These Are The Things That Can Happen To You.

I've returned from Spain where I had my first Stendhal experience.

Argento's Stendhal Syndrome, 1996. Filmed in the Uffizi, Florence. Asia Argento stands near Piero della Francesca's 15th century double portrait of the Duke and Duchess of Urbino, this painting marks the beginning of modern portraiture based on antique coins.
My woozy time travel experience in Ripoll, Spain.

In Argento's film, the lead falls prey to intensely overwhelming Renaissance paintings (and also to some other unsavory experiences). Another example of a film maker granted access into a sacred space (see also Herzog).

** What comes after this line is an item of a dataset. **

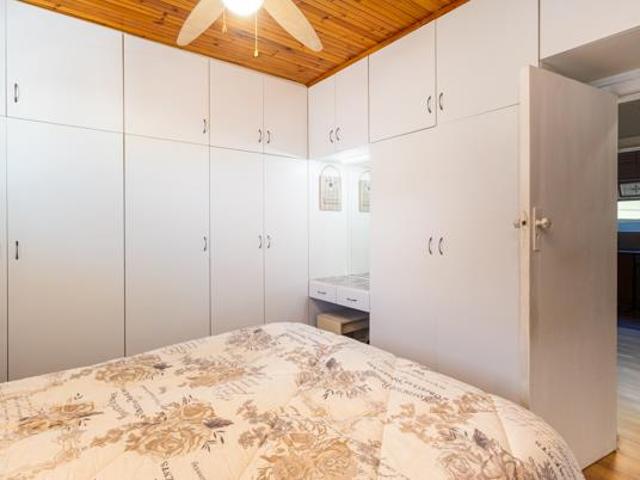 House for sale in Cape Town, Western Cape
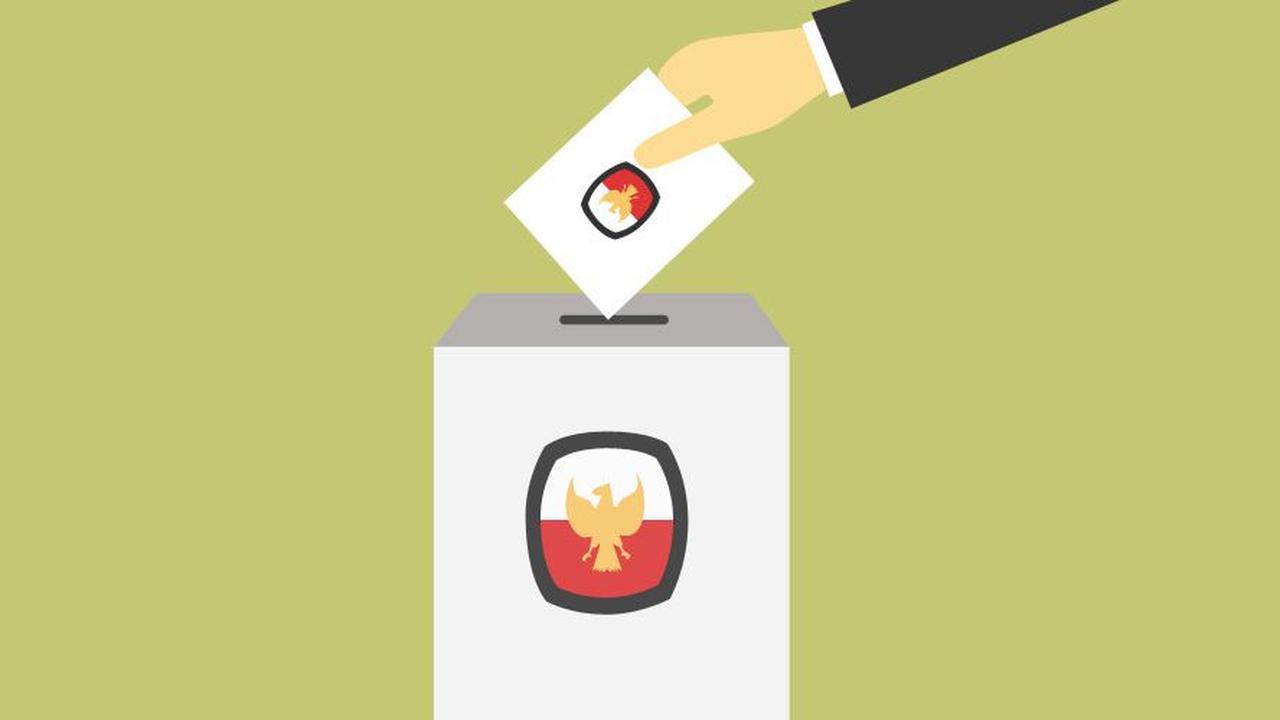Apa itu Pilkada? Ini Pengertian Lengkapnya yang Memiliki Perbedaan dengan Pemilu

Even as I watched Stendhal Syndrome on our small and ancient television, I felt moved by the paintings. Dangerously moved, toward a joyful madness. Meeting these icons that I have admired for so long seemed destructive. If felt as though I could destroy the present while these seductive figures from the past reached out like magical ghosts inviting me to join them. Colors begin to mesmerize with great strength, faces begin to move a bit, the concrete barrier begins to dissolve and then, the art work seems penetrable. I think I've animated too many Art History articles in my head.

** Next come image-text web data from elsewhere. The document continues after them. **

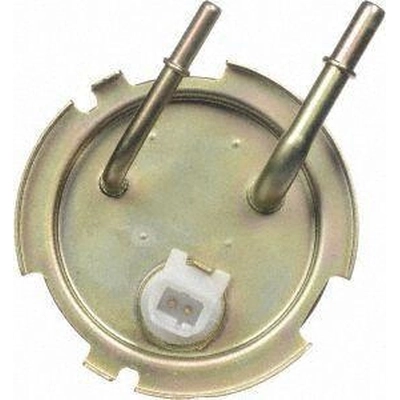Fuel Pump Module Assembly by AIRTEX - E7040M pa5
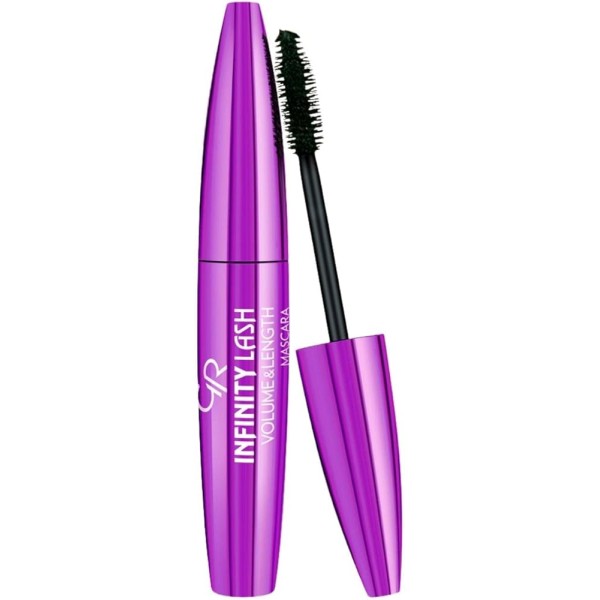 Mascara Infınıty Lash Volume and Length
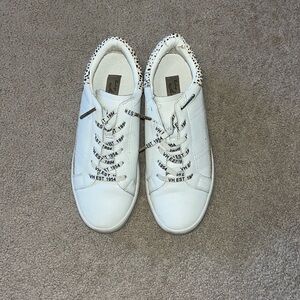 Vintage Havana Sneaker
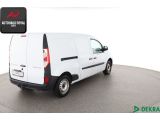 Renault Kangoo bei Gebrauchtwagen.expert - Abbildung (5 / 10)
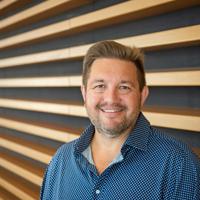David Goldberg - VP of Mortgage Lending in Woodmere, OH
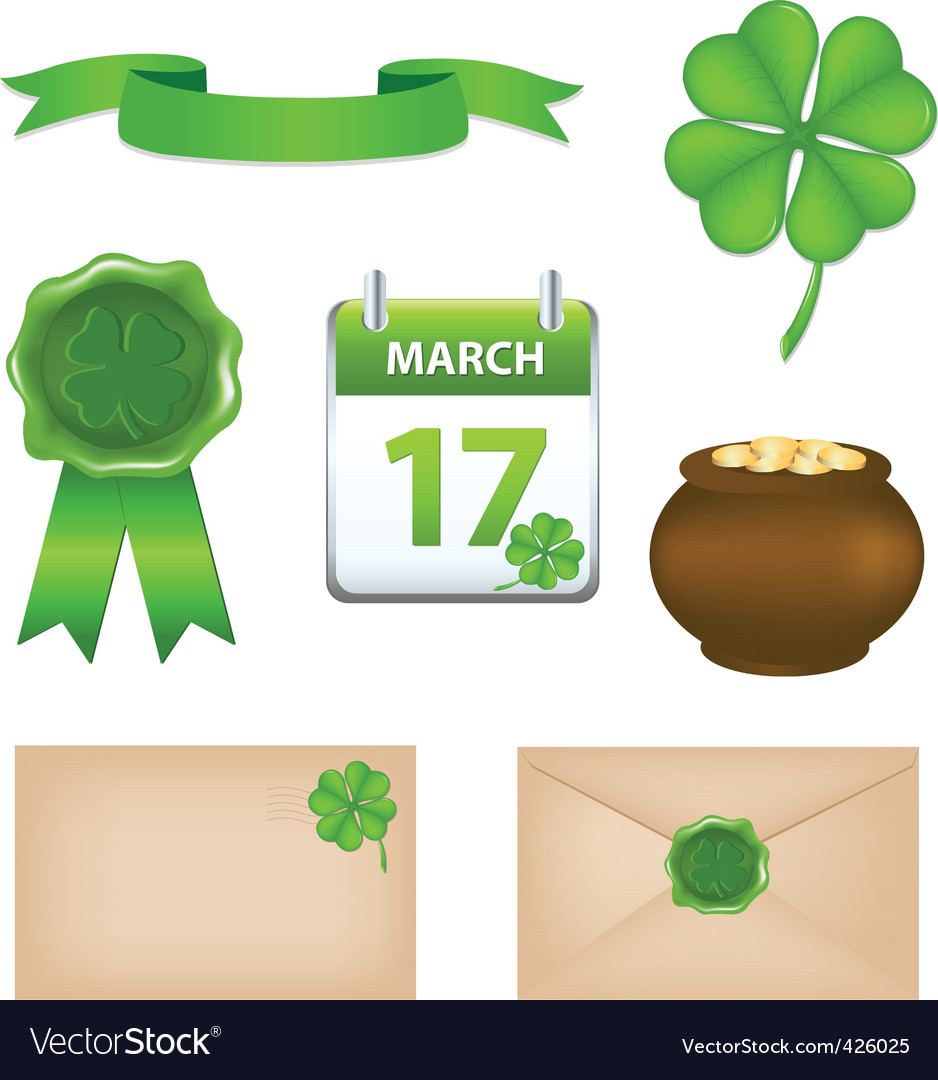 st patrick-s day symbols clip art 10 free Cliparts | Download images on Clipground 2021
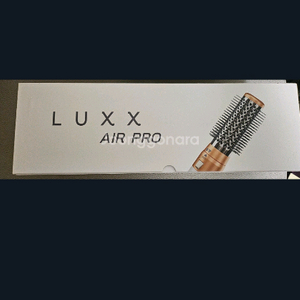럭스 에어 프로 2 헤어 스타일러 5in1 새제품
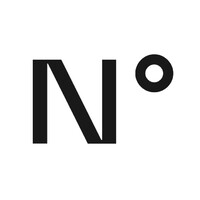 Neunziggrad logo - Similar company to Tdw Wood
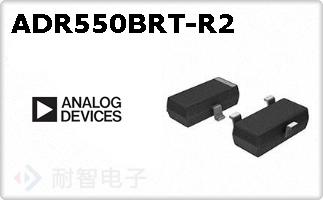 ADR550BRT-R2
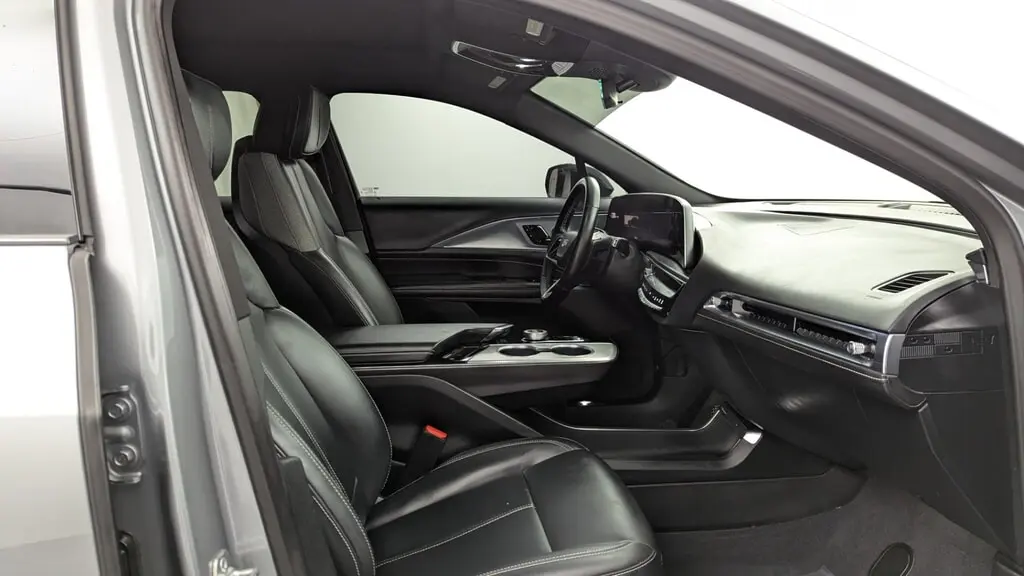 Florida Fine Cars - Used CADILLAC LYRIQ 2024 MIAMI TECH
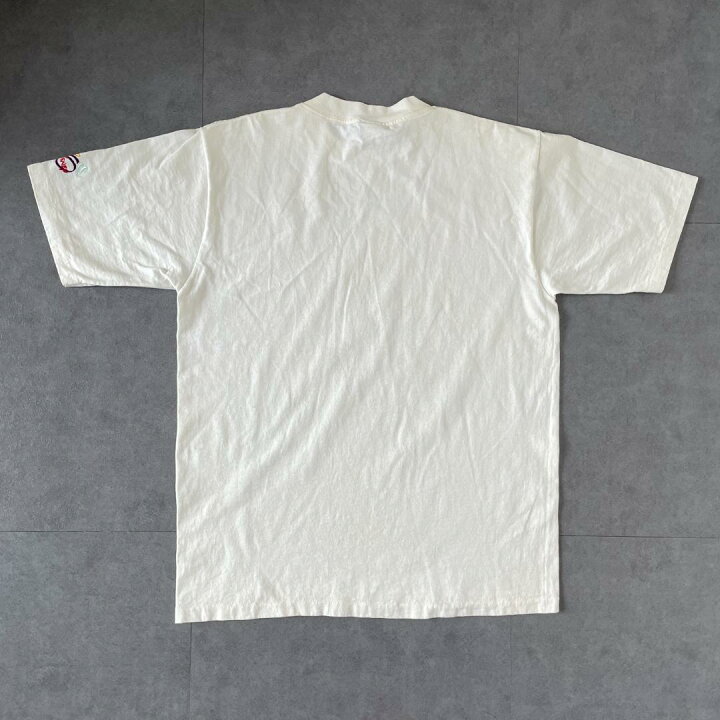 楽天市場】GF612 Tシャツ ディズニー 自画像 アート 90s ノーマン 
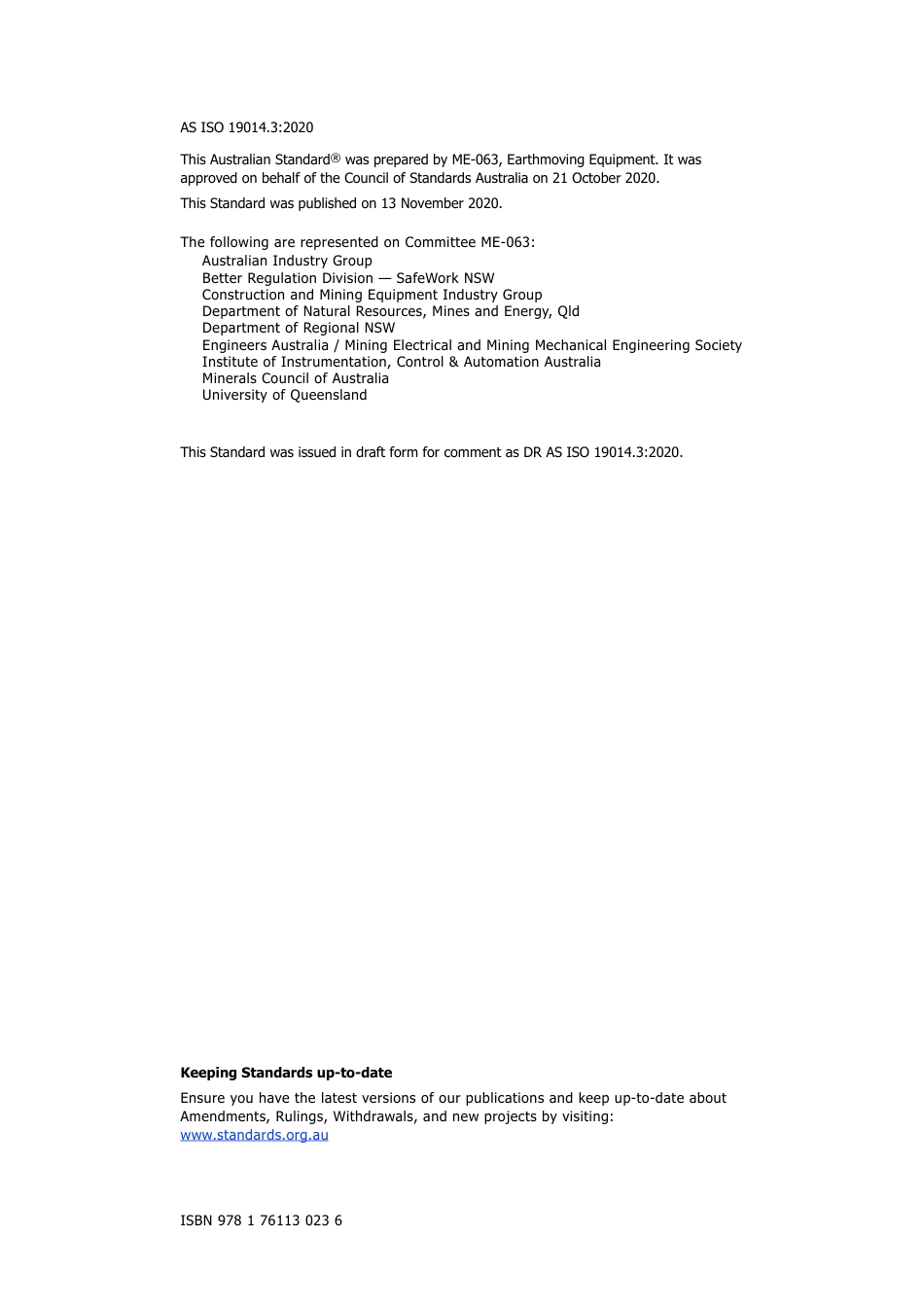 AS ISO 19014.3-2020.pdf_第2页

This is similar to the feeling I had when I arrived at Ripoll, coming face to face with the sculptural program pictured above. Experiencing a mild devastation tempered with euphoria, I momentarily lost touch with the modern world. Both physically and mentally, I drifted into the Middle Ages where this church was once alive. My breath caught in my throat and I felt frozen, both drawn to and afraid of the art. Maybe I thought I would be trapped in the 12th century. Maybe that didn't seem to be a negative thing as I so desperately wanted to truly know their world. For me there was a strong presence in the air, it gave me chills. Yet I came away from this burning with renewed passion that was subtle at the time, but has matured since I've been home. The very large book that I purchased there, filled with exhaustive documentation, still stands on my shelf wrapped in plastic. It intimidates me so I keep it there, but knowing that it waits for me, brimming with information and memories, is the most exciting thing I can think of.

In any case, this moment was one of the highlights of my life so far. A thrilling moment, complex and unwilling to be pinned down by mere printed words.

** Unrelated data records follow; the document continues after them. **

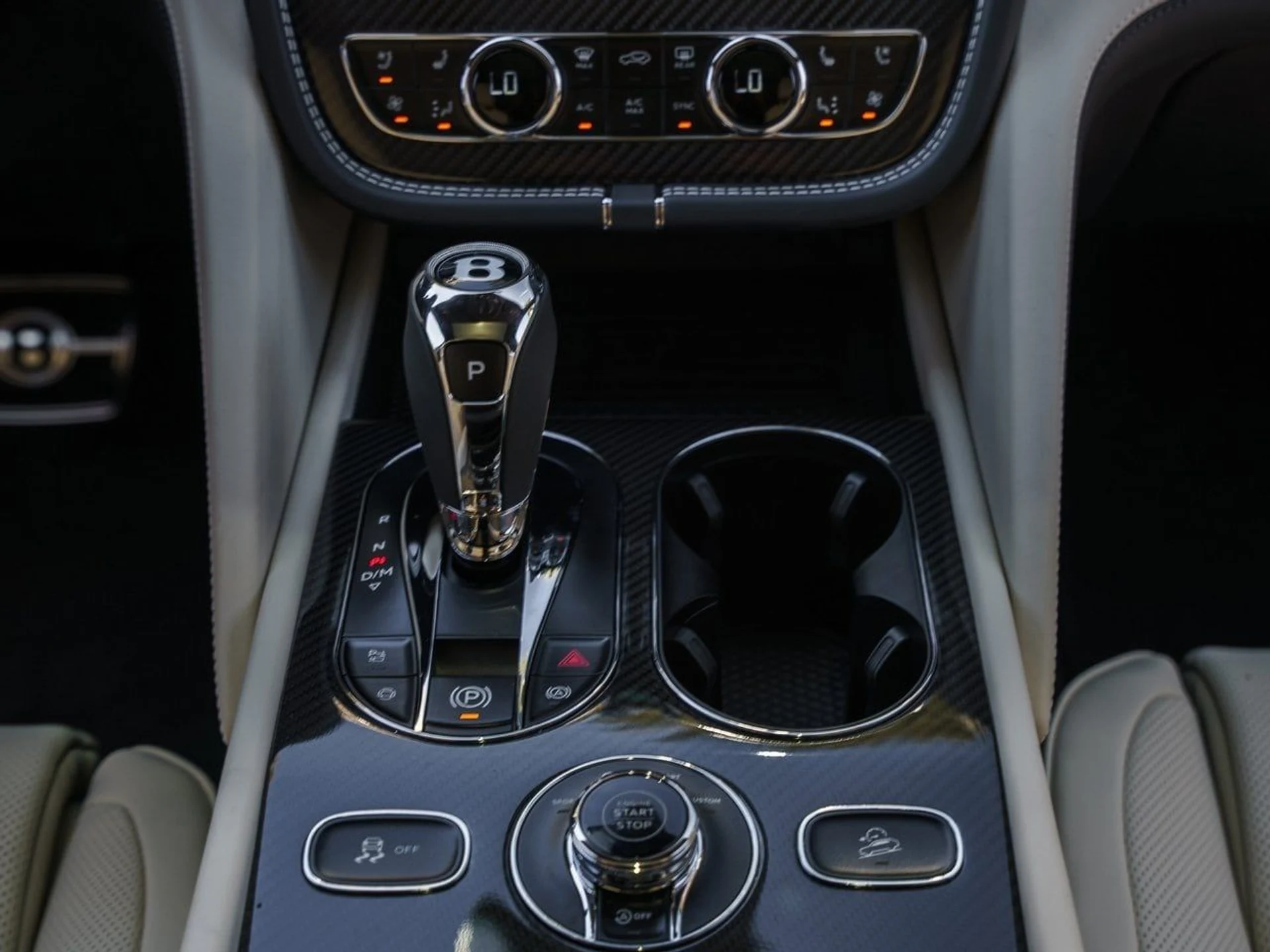 mph018_2041478700_17e624162a8a9fa94f7b361b8821408fx_a50fb66831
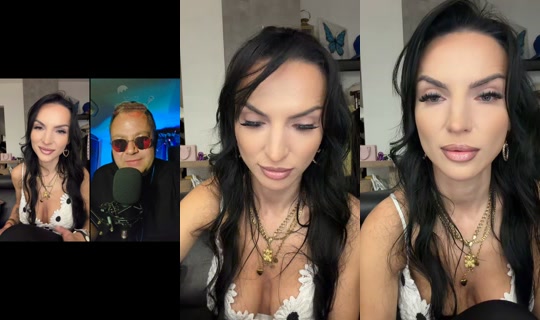 pikej_ka's Stream - Oct 7, 2026, 10:46 PM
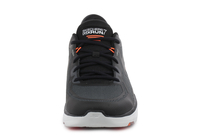 Skechers Sneakersy Go Run 7.0 - Interva 6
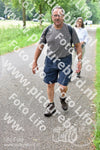 Evenement foto: Serie 389
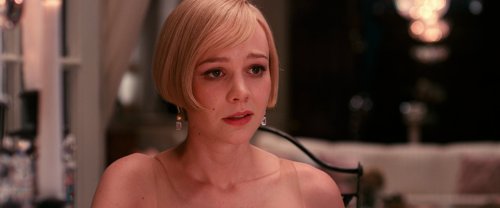 the_great_gatsby_2013_frame_26.jpg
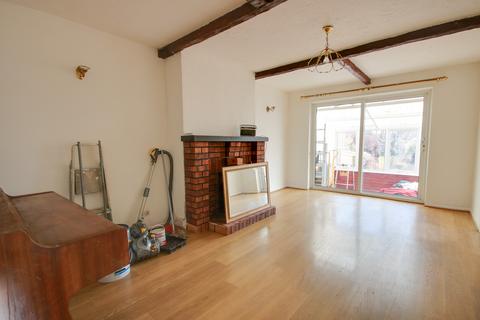 undefined, SHOLING! NO FORWARD CHAIN! IMPRESSIVE PLOT! LOTS OF POTENTIAL!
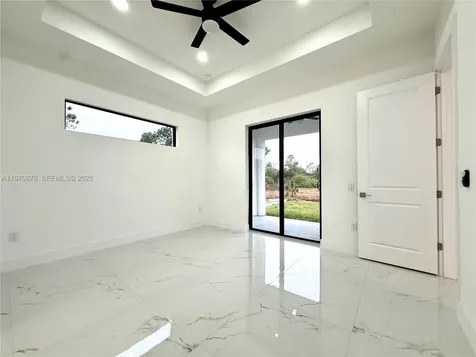 904 Asher Street E Lehigh Acres FL 33974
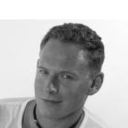 Bernd Schlüter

Before this day, I attended and presented at my first conference as a post-grad: alone and in another country. Wait, not completely alone. Alex gave me support more valuable than anything I own: in the many difficult months of researching and writing this paper, in the hours before the conference, right after my presentation, and helping me get to the church to finally meet Ripoll and Wilfred the Hairy.

In Other News:
School Days Travelogue: To most driving is mundane, but to me it is symbolic and the feeling I get from another four hour drive complete is that of accomplishing something rather than getting something done with. I've learned things about myself as I take on this new role. I like to drive fast, but I like to be kind to other drivers (many hours alone in the car lead to imagined inter-car dialogue and negotiations, good thing I'm carpooling next semester). I like the stimulation of aggressive drivers and the challenge of unrelenting rainstorms, which seem to occur every single day I make the trip. To reach my destination is to feel alive, never dull. It doesn't hurt also that the route through mountains is stunning, even in a monsoon.

New Hampshire, I underestimated you. 

I'm looking for a yellow exclamation sign to place atop my blue car. I saw one in Tokyo Drifter and I've been obsessed with getting one for myself. I was hoping that Alex would surprise me.
I love exclamations points.

If anyone finds a picture of this exclamation car, please send it!

My nascent career, I will call it that for a long time I think.
The sign on my door says: visit Professor J.C. Teich during these office hours to discuss your study habits. What it says to me: I am your badge of honor, here is a record even more satisfying than your diploma. It means that I have survived an ongoing challenge and here I am, still alive and better yet, still in love with the field though it tried to weed me out. Grad school is such a test. Every morning I think of this. Even if a class doesn't go as smoothly as planned or I mess up or my students mess up, we are working together to understand and fit into the world. It isn't easy work, but who wants to spend their time doing things that are easy?